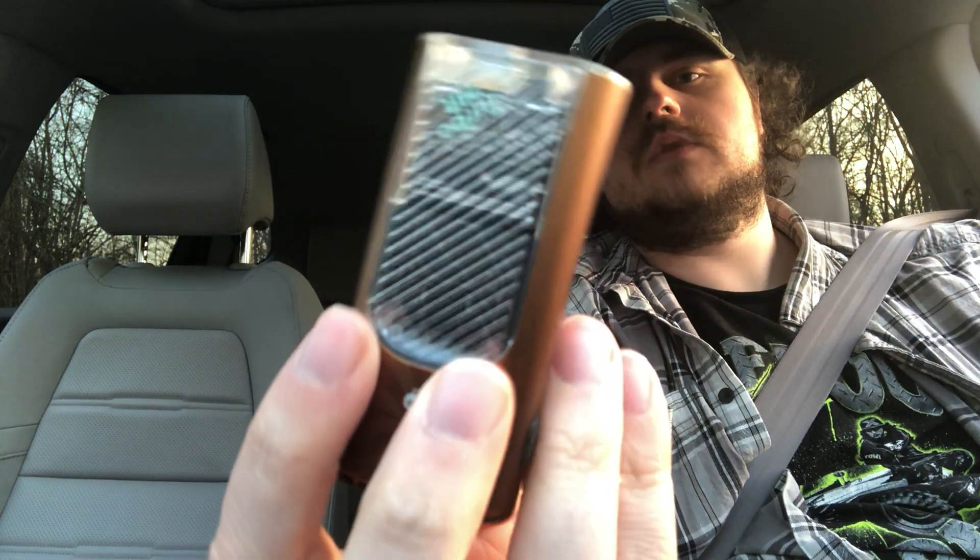Great flavor — you can really taste the root beer. I'm really surprised, because usually mint mixed with other flavors isn't my thing. Really good though. It's a turbo hit — 9,000 puffs I believe. You can actually see the hole inside of the device, which is really cool, and it lights up too.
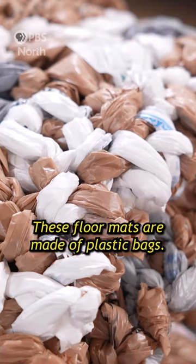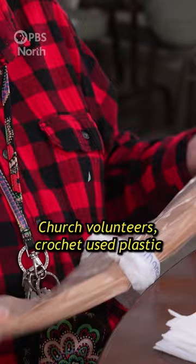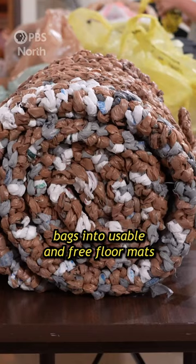These floor mats are made of plastic bags. Church volunteers crochet used plastic bags into usable and free floor mats.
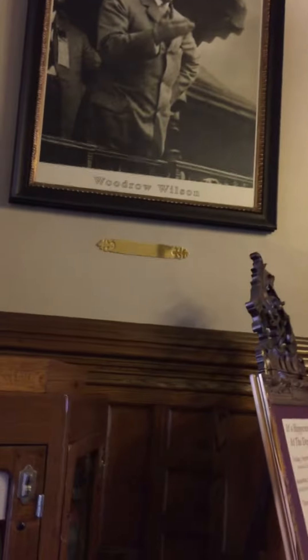Woodrow Wilson. Franklin and then Roosevelt.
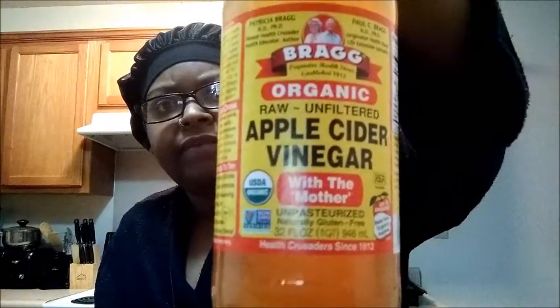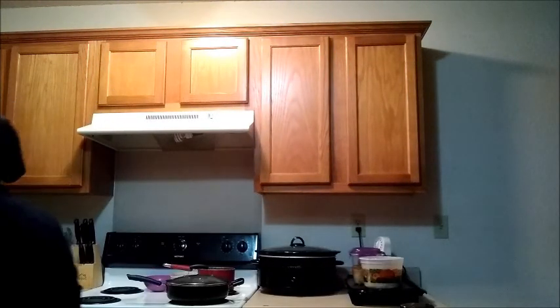I didn't tell you — I use Bragg's apple cider vinegar with the mother. That is very important. You want the one with the mother. It has all the nutrients and everything you need. And then let me grab my lemon juice. This is freshly squeezed lemons — I squeezed them yesterday. This is about eight lemons' worth of juice right here.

================================

Work instructions:
Output the listing above exactly, but leave its pictures behind.

Completed task:
Great flavor — you can really taste the root beer. I'm really surprised, because usually mint mixed with other flavors isn't my thing. Really good though. It's a turbo hit — 9,000 puffs I believe. You can actually see the hole inside of the device, which is really cool, and it lights up too.
These floor mats are made of plastic bags. Church volunteers crochet used plastic bags into usable and free floor mats.
Woodrow Wilson. Franklin and then Roosevelt.
I didn't tell you — I use Bragg's apple cider vinegar with the mother. That is very important. You want the one with the mother. It has all the nutrients and everything you need. And then let me grab my lemon juice. This is freshly squeezed lemons — I squeezed them yesterday. This is about eight lemons' worth of juice right here.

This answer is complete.